When GM/Cadillac's Hamtramck Assembly Center opened in 1985, equipped with the latest in advanced manufacturing technology, GM envisioned competitive victory.
But reality was somewhat different. In her book Rude Awakening, automotive analyst Maryann Keller told what she saw: robots designed to spray-paint cars instead painting each other; factory lines halted for hours while technicians scrambled to debug software; computer systems sending erroneous instructions, leading to body parts being installed on the wrong cars.
Simply removing all the unproved and misapplied technology improved production and efficiency, remembers plant manager Larry Tibbitts. But the key ingredient to Hamtramck's progress, Tibbitts says, is employee involvement.

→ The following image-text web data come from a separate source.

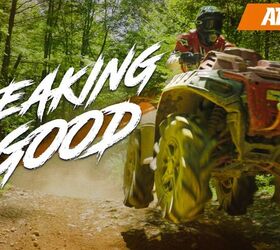 5 Things We Love About The Polaris Sportsman XP 1000 Mud Edition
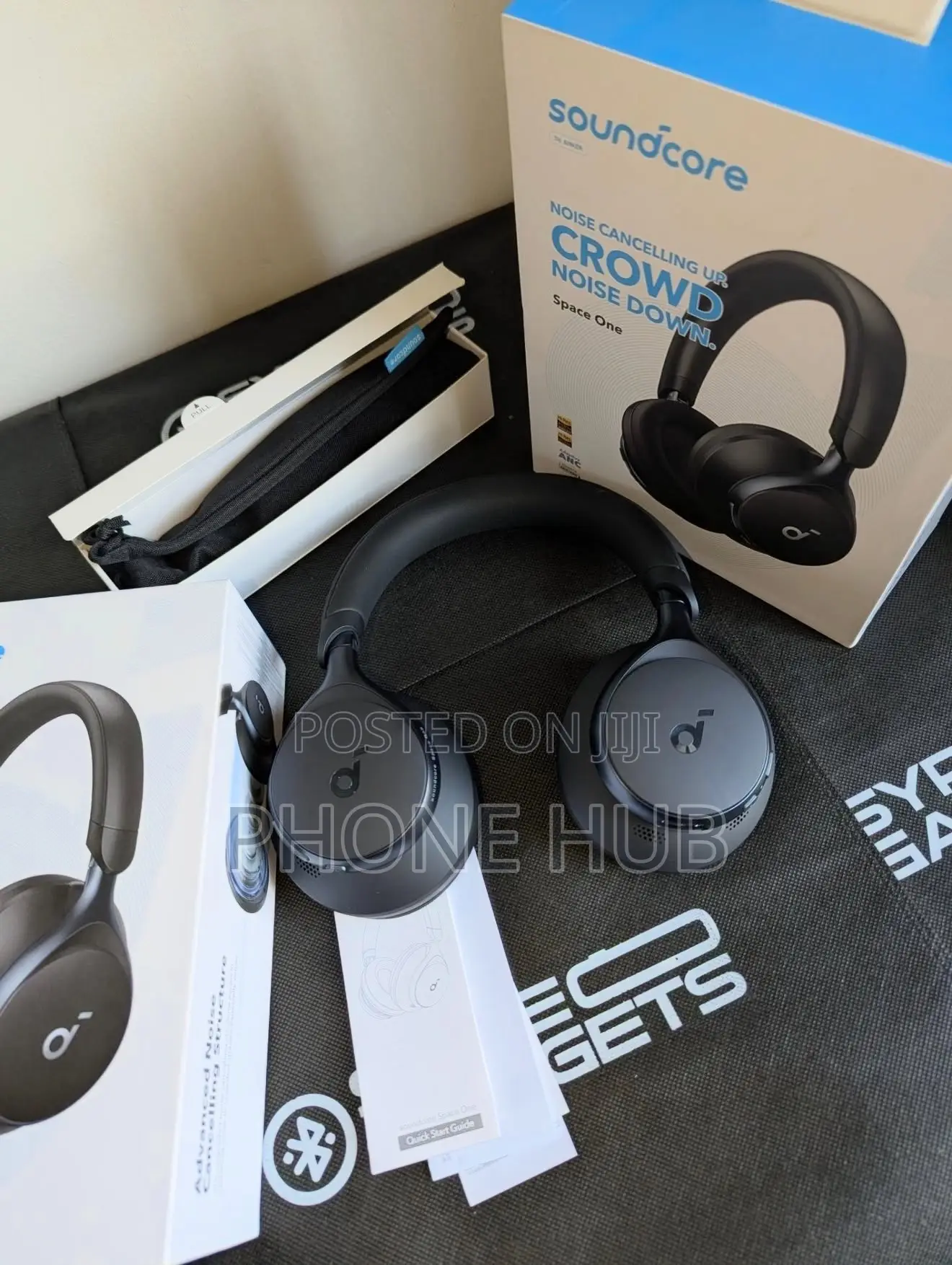 Anker Soundcore Space One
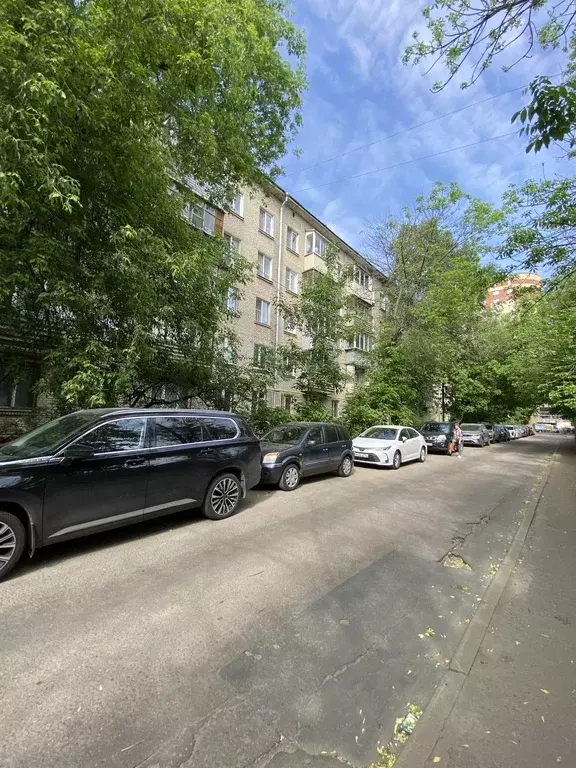 Продаётся 2-к квартира, 42.5 м - Фото 0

For example, the plant's employees achieved a 73 percent reduction in discrepancies per vehicle between 1986 and 1991, the year Hamtramck won its Best Plants award. They also recorded a 65 percent improvement in productivity for the same period in all measures of quality and customer satisfaction.
The assembly-line effectiveness center (ALEC), established in 1989 in a 20,000-square-foot section of the plant, gives workers a chance to evaluate new designs and make suggestions early on. "When the assemblers first looked at the new Seville and Eldorado," says manufacturing manager Roy Roberts, "almost 300 modifications were made. These were focused on quality, productivity, and cost advantages for the product and the people."
Cadillac's design-for-manufacturability (DFM) program has also led to major improvements. The bumpers of the Seville and Eldorado are a good example. Nuts and bolts were replaced with snap-in fasteners. Where the 1990 Seville required 217 fasteners in the bumper system, the 1992 model required only 34.